The instrument is based on a pulsed laser. The laser fires a pulse at the surface of the object, resulting in the ejection of a tiny quantity of material. The ablation measures 50 to 100 microns wide and less than 1 micron thick. It’s also white hot: more than 9,700 degrees Celsius. “The ablation produces a plasma gas which emits light,” Anglos said. “Thanks to our detector, we can find out what elements are present in the plasma and consequently, in the solid surface.” The procedure is based on Laser-Induced Breakdown Spectroscopy, a technique often referred to as LIBS.
The instrument can be used to find out what kinds of alloys were used in gold-colored paint. Details on paint composition can tell researchers where an object came from, and can precisely date an item. The composition of white paint on pottery, for example, can reveal whether it came from a palace or from a poor village. Thanks to this kind of elemental information, researchers can theorize on the period and provenance of any object. And museums can find out whether an old painting was once restored.
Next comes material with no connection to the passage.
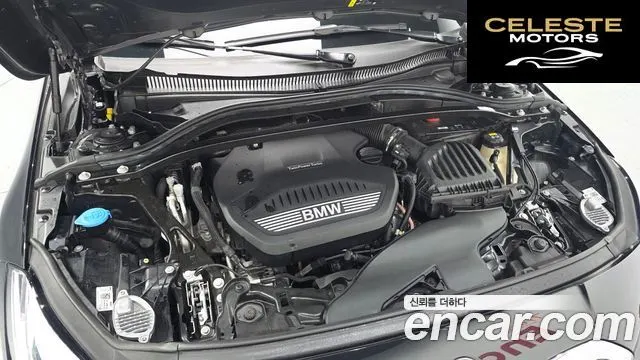 BMW Série 1 (F40) 118d Joy First Edition 2020 — photo 6 sur 20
The instrument provides several advantages. First, the sample used is so small that the damage to the original is minimal. This is primordial in the case of paintings. Secondly, the object is portable. It’s the size of a small table, whereas other elemental analysis equipment can take up a whole room. Researchers at excavation projects often have large numbers of samples they want to analyze on site rather than bring them to the main lab. In addition, archaeological finds, particularly in Greece, are rigorously monitored by cultural authorities. Official permissions are needed to export a find for analysis in the United States or the rest of Europe. “Even sending it to Athens can be subject to strict regulations,” Anglos said.
Also, the process is relatively quick: ten-billionth of a second for the laser pulse and another microsecond or two for the light detector to do its work. Analyzing the data might take more time.
The downside might be the price. Right now, the prototype costs just less than $90,000 to build. Any potential industrial partner would have to re-engineer LMnt1 in order to make it cheaper. Cultural bodies like museums and archaeological research projects general operate on a limited budget.
“Not many institutions can afford anything more than $50,000,” said Christopher McGlinchey, conservation scientist at New York’s Museum of Modern Art. However, the price tag is smaller than more sophisticated elemental analysis instruments.
Staff at the Crete study center of the Institute for Aegean Prehistory (INSTAP) have been using the prototype in the field with encouraging results. “All you need to do is place the object being analyzed under the probe and the results appear on the screen,” said Philip P. Betancourt, INSTAP’s executive director. He added that unlike other techniques, this one doesn’t require any time-consuming sample preparation. In addition, it’s so easy to use, there is no need for a specialized technician to man the machine.
However, LMnt1 is not as accurate as some other methods. The instrument can indicate what elements are present, but not how much. “In the end, it doesn’t replace much more expensive and sophisticated equipment,” Betancourt said. “But we found it very helpful and easy to use in the field.”